UK Inflation cools, but the issue is far from being resolved
The latest UK inflation report for April presented a mixed picture. While there was a welcome decrease in headline CPI (Consumer Price Index) from double digits to 8.7% on an annual basis. The decline was not as significant as anticipated by the markets which had expected a larger drop to around 8.2%.
Additionally, a concerning development for the Bank of England (BoE) was the increase in core inflation from 6.2% to 6.8% on an annual basis during the same period.
This news is likely to keep pressure on the BoE to continue raising UK interest rates. Following the release, there was an immediate positive reaction in the currency markets, with the pound strengthening against both the US dollar and the euro.
UK Inflation - Key Points
Headline CPI
The annual headline CPI decreased from double digits to 8.7% in April, providing some relief. However, the decline fell short of market expectations, which had hoped for a larger decrease to around 8.2%.
Core Inflation
The report revealed an increase in core inflation from 6.2% to 6.8% on an annual basis, raising concerns for the Bank of England. Core inflation excludes volatile factors like food and energy prices and is considered a more stable measure of long-term inflation trends.

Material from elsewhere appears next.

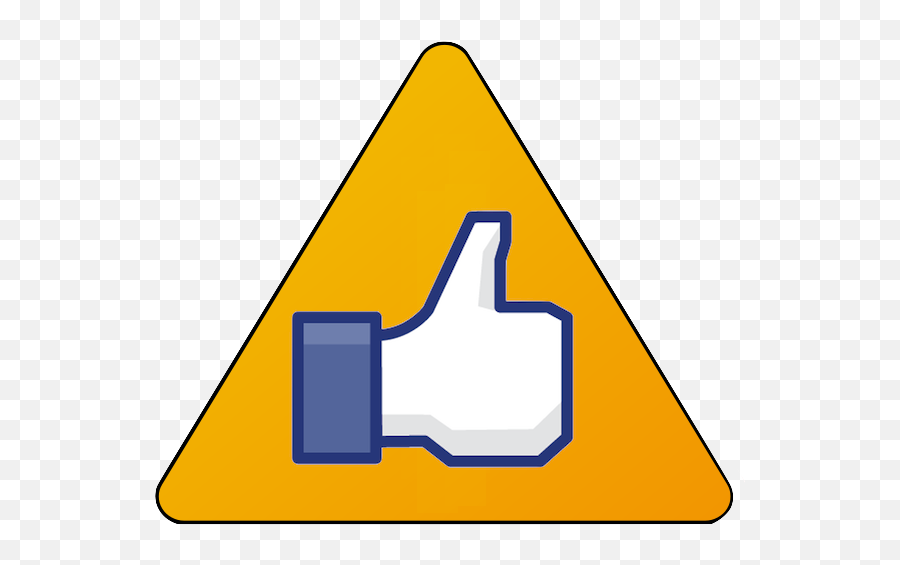 Uncomfortable With Facebook Auto - Sharing Tap The Deliberate Vorteile Und Nachteile Von Facebook Png,Like Button Transparent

BoE's Pressure: The rise in core inflation is likely to put continued pressure on the Bank of England to pursue further interest rate hikes. The central bank's objective is to control inflation and ensure economic stability.
Currency Impact
The pound experienced an immediate positive reaction in the currency markets following the release of the inflation report. GBP/USD crossed the 1.2450 level, rebounding from its lower position below 1.2400 the previous day. Similarly, GBP/EUR showed upward movement, surpassing the 1.1550 mark.
Our Thoughts
The April UK inflation report presented a mixed bag of results. While there was a decrease in headline CPI, it fell short of market expectations. The concerning increase in core inflation is likely to keep the pressure on the Bank of England to continue raising interest rates. The positive currency market reaction was reflected in a strengthening of the pound against both the US dollar and the euro.